Ahirette bizlere “ Bu benim ümmetimdi, bu ümmetim bana mektup yazmıştı” der misin? Bir de beni en çok üzen olay ne biliyor musun ey nebi? Müslüman kardeşlerim dünyanın muhtelif yerlerine zulüm görüyorlar. Vahşice öldürülüyorlar. Ama maalesef ben bir şey yapamıyorum. Elimden bir şey gelmiyor dua etmekten başka. Çaresizim. Sen gel ki kâfirlerin karşısına heybetinle çık. Onlara yardım et. Yetim çocuklar da seni bekliyorlar. Çünkü onları en iyi sen anlardın Gül Yüzlü Nebi!..
Bekliyoruz, bekliyorum seni Ya Resulallah!.. Çünkü sen kimseyi üzmezsin. Tekrar seni hasretle selamlıyorum ve bekliyorum!!!
Essalatu Esselamu aleyke Ya Resulallah…
Essalatu Esselamu aleyke Ya Habiballah…
Essalatu Esselamu aleyke Ya Seyyidel evveline vel ahirin…
HATİCE
Rahman ve Rahim olan Allah’ın adıyla
Böyle başlamıştın İran Kisrası’na gönderdiğin davet mektubuna. Sinirlenmişti; nasıl olur da Allah’ın ismi kendi isminden önce gelirdi?(!) Oysa bilmiyordu ki; ondan önce Allah vardı. Allah dilemese o, hiç olmazdı. Kördü; görmüyordu, sağırdı; duymuyordu.
Ve şimdi… Nice körler, sağırlar var şu dünyada. Dillerde, sayfalarda, gönüllerde geri planda kalmış “isimleri” bile kıskanır oldular. Yazdılar, çizdiler; yetmedi sövdüler. Zalimlerle başa çıkamaz, onlara güç yetiremez olduk.
Dünya! Başımızı döndürmüş, düşüncelerimize hâkim olmuş, dizginleri eline almış. İnsanlar onun esiri olmuş artık. “Baki” olanı unutup ”fani” yi mesken edinmiş kendine. “Fani” olanı sevmiş, istemiş “Baki” olan yerine. Onun kurallarını kural edinmiş; boşlamış dinini, ibadetlerini.
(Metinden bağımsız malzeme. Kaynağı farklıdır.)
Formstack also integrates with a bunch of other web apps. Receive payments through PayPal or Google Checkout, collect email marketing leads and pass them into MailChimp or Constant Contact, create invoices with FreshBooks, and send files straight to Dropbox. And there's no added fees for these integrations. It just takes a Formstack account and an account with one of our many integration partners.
Aydınlıkta gözlerini kapatmış birisi ”Doğru yol burası!” diyor. Hâlbuki açsa gözlerini, görecek asıl doğruyu… Ve ona inana insanlar, göz göre göre çıkmaza sürükleniyor.
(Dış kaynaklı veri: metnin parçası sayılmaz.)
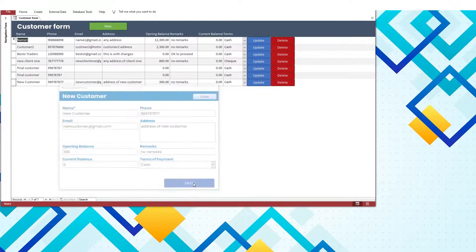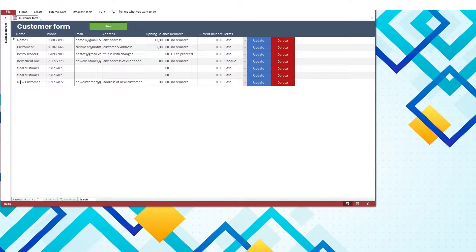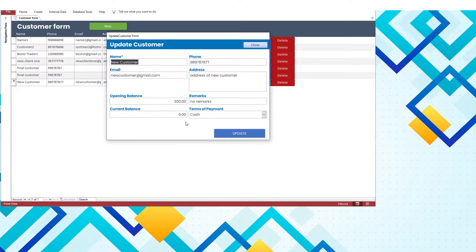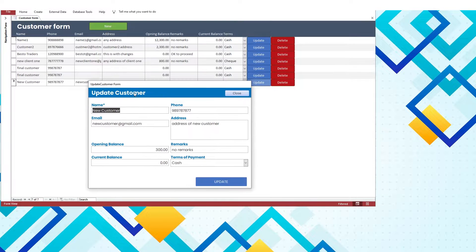Let's create a new record. Now update and delete the record to complete the CRUD operations.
Cahiliyyeyi yaşıyorum adeta! İnsanların fevc fevc yanlışa sürüklendiği, manevi ahlakî değerlerin yok olduğu, gayri meşru işlerin normal karşılandığı ve bütün bunların “cahillik” değil “medeniyet” adı altında toplandığı bir cahiliyyeyi yaşıyorum. Bozuk pusulalarla doğruyu bulmaya çalışan insanlar şaşkın! Onların Kutup Yıldızı’na ihtiyaçları var. Doğruyu gösterecek biri gerek. Sen göstermiştin cahiliyyedekilere doğruyu; bize de bir Nebi gerek; sen gereksin!
Sana nasıl seslenmem gerektiğini bilmiyorum. Belki de Bilâl-i Habeşi’den kalma duygular engelliyor söylememi. Söylesem sanki gözlerimden akan yaşa mani olamayacak gibi… Tıpkı onun gibi! Belki de söyleyecek yüzü bulamıyorum kendimde. Değil adını söylemek sana “sen” derken bile içim titriyor.
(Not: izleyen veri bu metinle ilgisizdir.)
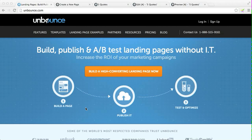Hi there, it's Chris Hamilton here with Sales Tip of Day, www.salestipofday.com. Today I'm going to show you a great application called Unbounce.com that allows you to build landing pages to harvest email addresses, sell things, and so on and so forth.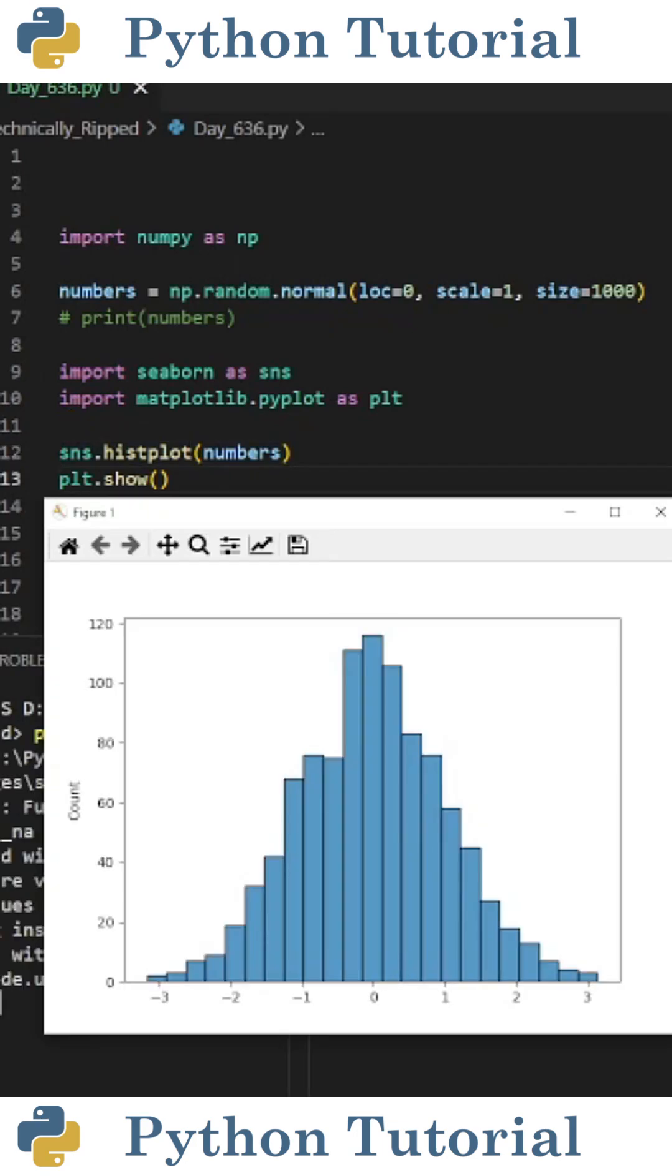When I run the code, it visualizes my normal distribution. As you can see, the average is 0, the standard deviation is 1, and it's hard to tell but there are 1000 numbers in this distribution.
Öyle ihtiyacımız var ki sana; sesine, yüzüne… Bir saniyelik bakışına,
ardından gelen tebessümüne. Bu hayâsız zulüm karşısında teselline. Kurtlar sofrasında kuzu oldu inananlar! Yeri geldi gerici oldu; yeri geldi örümcek kafalı! Bazen ilminden oldu dini uğrunda, bazen işinden… Bazen ise pes etti, boyun eğdi zulümlere, baskılara. Taviz verdi dininden. Biz biliyoruz ki sen bile nice eziyetler gördün, ama pes etmedin. Ve yine biliyoruz ki “kâfirler istemese de Allah nurunu tamamlayacaktır”
Ve son olarak;
“Ahirette bana en yakınınız, bana en çok salâvat getireninizdir” demiştin. Salât ve selam sana, hamd seni bize, selam sana ulaştırana olsun…
(ÂMİN)
ŞEYMA
BİSMİLLAHİRRAHMANİRRAHİM
Rabb’im sana sonsuz hamd-ü senalar olsun.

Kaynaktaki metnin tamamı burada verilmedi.